Bitcoin creator reveals himself: Craig Wright

craigwright1An Australian cryptographer and entrepreneur named Craig Wright has outed himself to the world as Satoshi Nakamoto, the creator of Bitcoin.

Far from ending one of the tech world’s greatest mysteries, Wright’s claims have just fanned the flames of doubt, with many believing he him to be a hoax.

This isn’t the first time we’ve been told the mysterious Satoshi Nakamoto had been found. A couple of years back an overzealous Newsweek reporter claimed he’d tracked down the man behind Bitcoin. On that occasion the individual identified refuted the reporter’s claim. No denial’s on this occasion. Not from  Craig Wright anyway.

In interviews with three media organizations, the BBC, the Economist, and GQ Magazine Wright provided evidence backing up his claims. GQ are yet to publish their full story (aren’t they a fashion magazine anyway?), the BBC seem to think the story has legs, while the Economist is not entirely convinced…

“We are not so sure. Although they are not completely satisfactory, Mr Wright provided credible answers to the questions which were asked of him after he was outed last year. He seems to have the expertise to develop a complex cryptographic system such as bitcoin. But doubts remain: why does he not let us send him a message to sign, for example?”

Neither is the tech community.

Opinions at Reddit aren’t exactly divided – they range from mildly to scathingly skeptical.

The one fact that seems to have some in the know (Gizmodo and Wired for example) believing Wright could be legit, is that he has managed to convince Gavin Andresen.

Andresen is chief scientist at the Bitcoin Foundation, and was one of the first programmers working on Bitcoin with Satoshi. He corresponded with Satoshi more than anyone else during the cryptocurrency’s development, before the enigmatic creator decided to disappear altogether in 2011. Andresen’s opinion counts.

In a private meeting in a hotel room in London on 7 April, Wright proved to Andresen’s satisfaction that he was in possession of the cryptographic “private keys” attached to the some of the earliest Bitcoins created and known to still be owned by Satoshi Nakamoto. Andresen has since published on his website that, “I believe Craig Steven Wright is the person who invented Bitcoin.”

The manner in which Wright has revealed his identity hasn’t help silence the doubters. Apparently, it would be quite simple to publicly prove that you are Satoshi Nakamoto. You could either sell one of your earliest created bitcoins, or demonstrate possession of the private keys attached to these bitcoins by using them to digitally ‘sign’ a message. End of story.

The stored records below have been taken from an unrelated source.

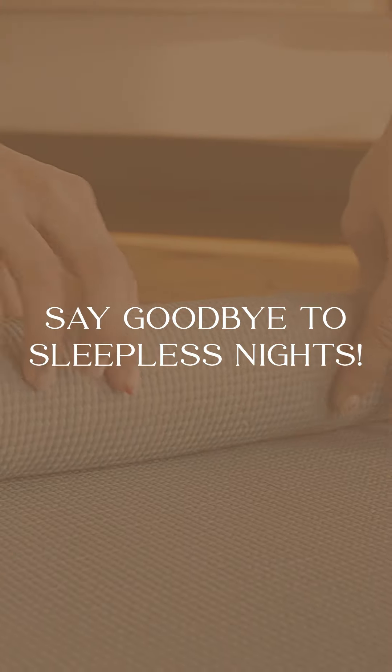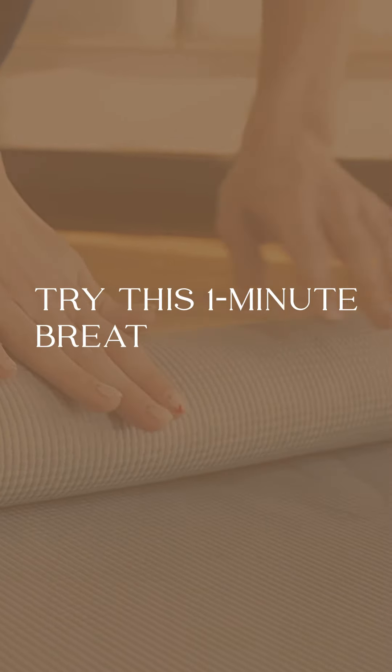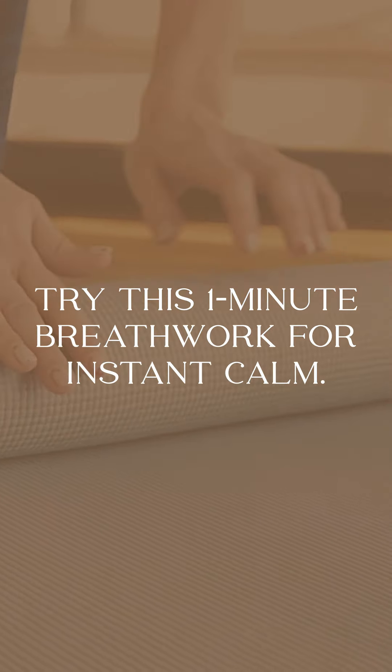Do you find yourself tossing and turning at night and unable to find rest? Struggling to fall asleep can be incredibly frustrating, but there's a simple technique that can help.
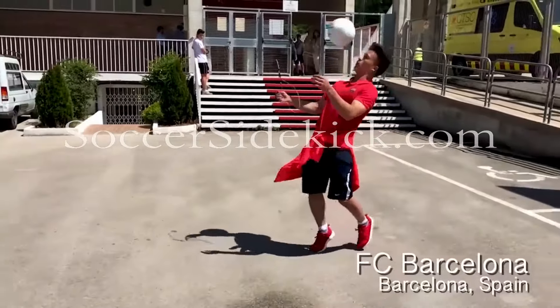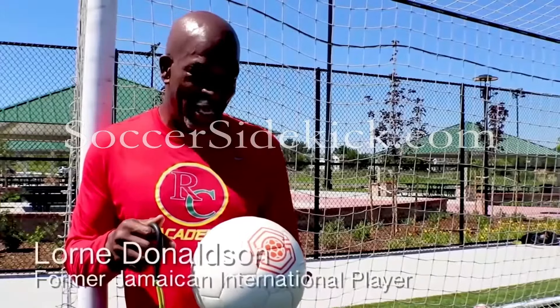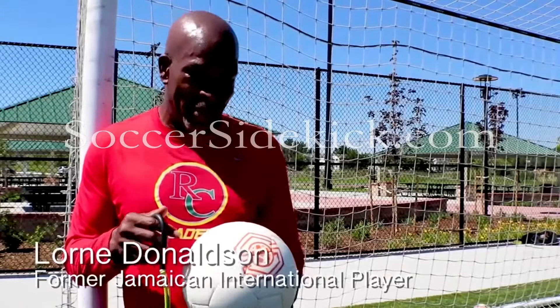Back in my days when I played, if I had this, the sky would have been the limit. Or maybe I passed the sky, because this thing is phenomenal.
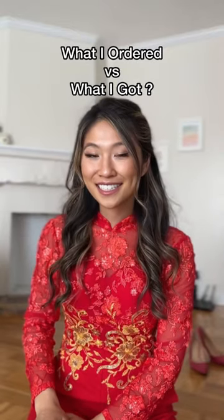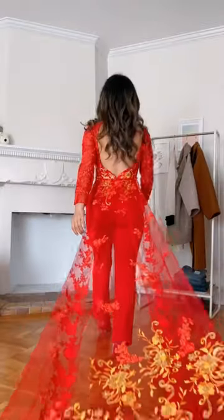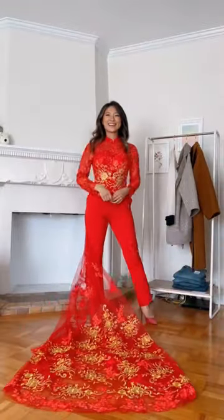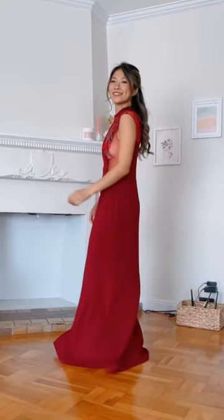Part two of trying on Asian dresses so you don't have to — help me decide what to keep or return. This jumpsuit has a detachable sequin train; the craftsmanship is impeccable. I did not expect the mesh paneling on the side.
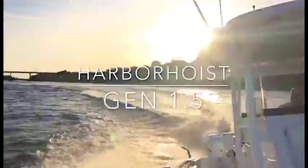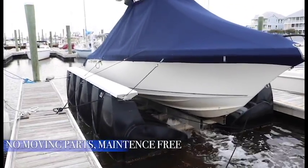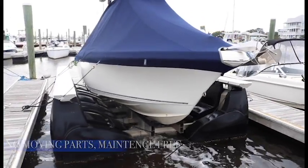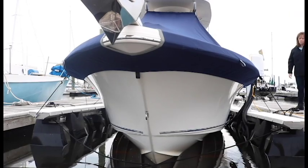Your boat is one of the largest investments you will make outside of your home. Make it last for generations to come and give it the finest protection on the market with the Harbor Hoist from Hydro Hoist.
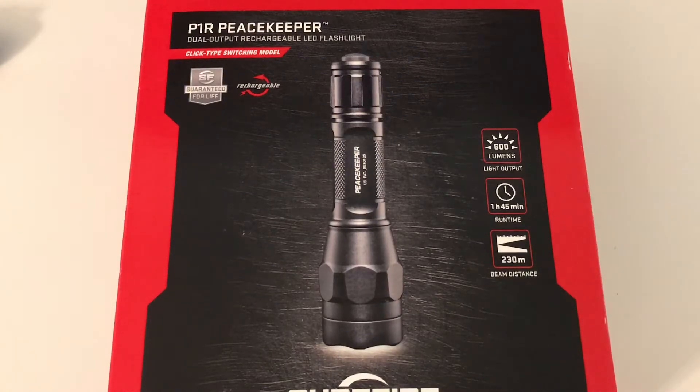Hey, what's going on. I just wanted to do a quick video for you. This is a Surefire P1R Peacekeeper. This is a dual output version. I've had this for a while and I finally wanted to do a review on it.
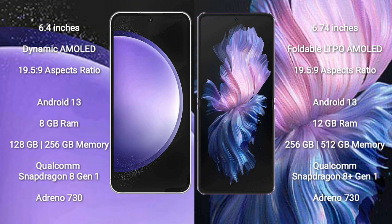Both the Samsung Galaxy S23 FE and the Vivo X Flip run on the Android 13 operating system. The Samsung Galaxy S23 FE comes with 8GB RAM and 128GB or 256GB internal storage, powered by the Qualcomm Snapdragon 8 Gen 1 processor with Adreno 730 GPU.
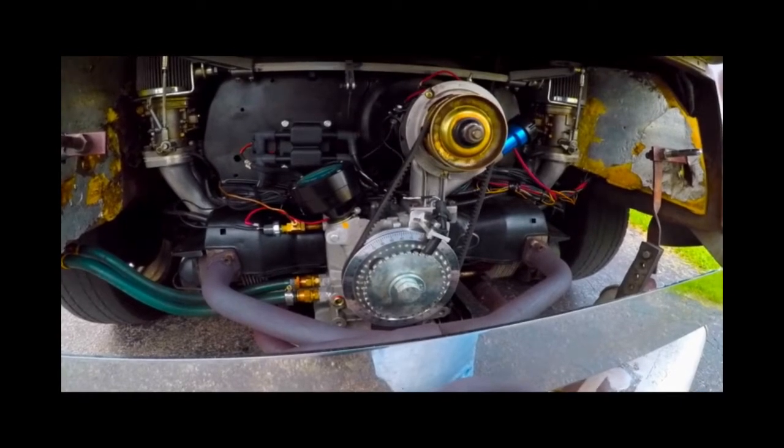Today I'm going to be setting up my crank fire ignition system. It's a CB Performance system. It eliminates the distributor on my motor and uses a pickup off the crankshaft.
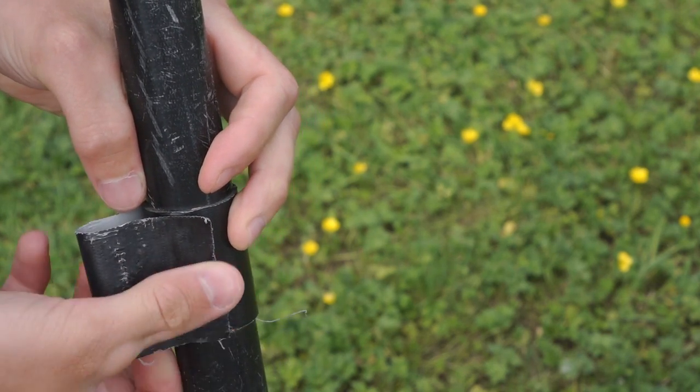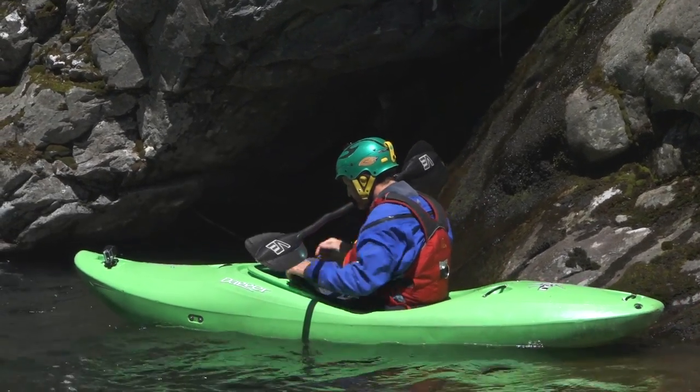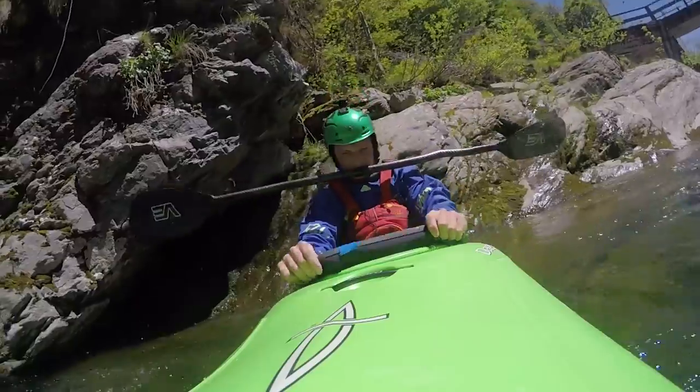But a super top tip: if you fold over the end of the gaffer tape, it makes a really useful bite tab that you can hold your paddle in your teeth to put your deck on in a tricky spot.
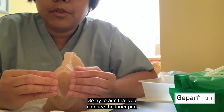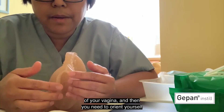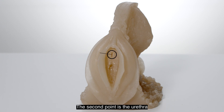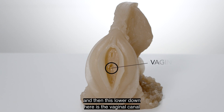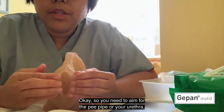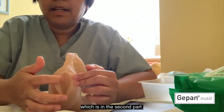Try to aim so that you can see the inner part of your vagina, and then you need to orient yourself to where the urethra is. This one is the clitoris, which is your clitoral hood. The second point is the urethra, wherein the catheter goes in, and then lower down here is the vaginal canal, and lower down is the back passage. You need to aim for the urethra, which is the second part.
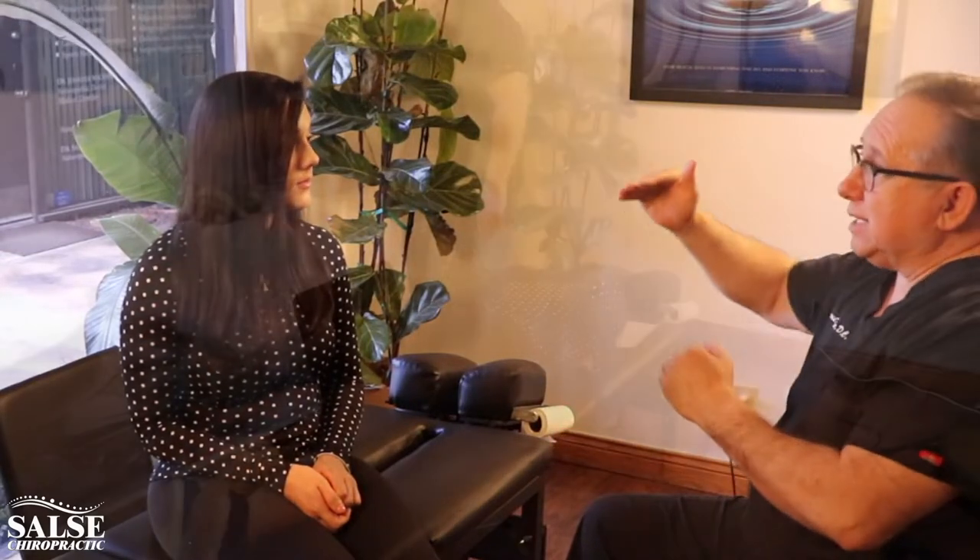We've been working together and we've noticed that there's times where you're doing really well, but when things get more stressful it seems like you need to get in the office a little more, and we're at that point right now. So today I'd like to review some of the exercises and stretches we've done in the past, give you a great adjustment and see if we can get you to the next level.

Instead, Wright chose private, controlled forums to demonstrate his case…three of them with media outlets not exactly renowned for their cryptography expertise (I really thought GQ was a fashion magazine?). Even the Andresen meeting was open to manipulation some say (for example, the computer used for the test was provided by Wright’s assistant).

When Wright eventually decided to provide public proof this backfired. A blog post intended to prove possession of one of Nakamoto’s private keys was quickly found to do nothing of the sort. It was described by one programmer as, “flimflam and hokum which stands up to a few minutes of cursory scrutiny”.  Another described it as “intentional scammery”. Andresen himself is a bit mystified by the Wright post, calling it ‘funky’ in Reddit – but he still stands by his original opinion.

This story isn’t going to go away any time soon. The feeding frenzy has only just begun and despite Wright’s assertion to GQ that, “I’m not doing this to try and get in the media (even he must have realized the irony of that statement, made sitting in the offices of GQ magazine) we will be reading a  lot about this man, and whether he is or is not who is claiming to be.

If he is, as the owner of around 1 million bitcoins, he is worth somewhere in the vicinity of $450 million. If he is not, his motivation for inviting extreme scrutiny is hard to fathom. One theory already doing the rounds is that it could be related to an Australian Tax Office investigation.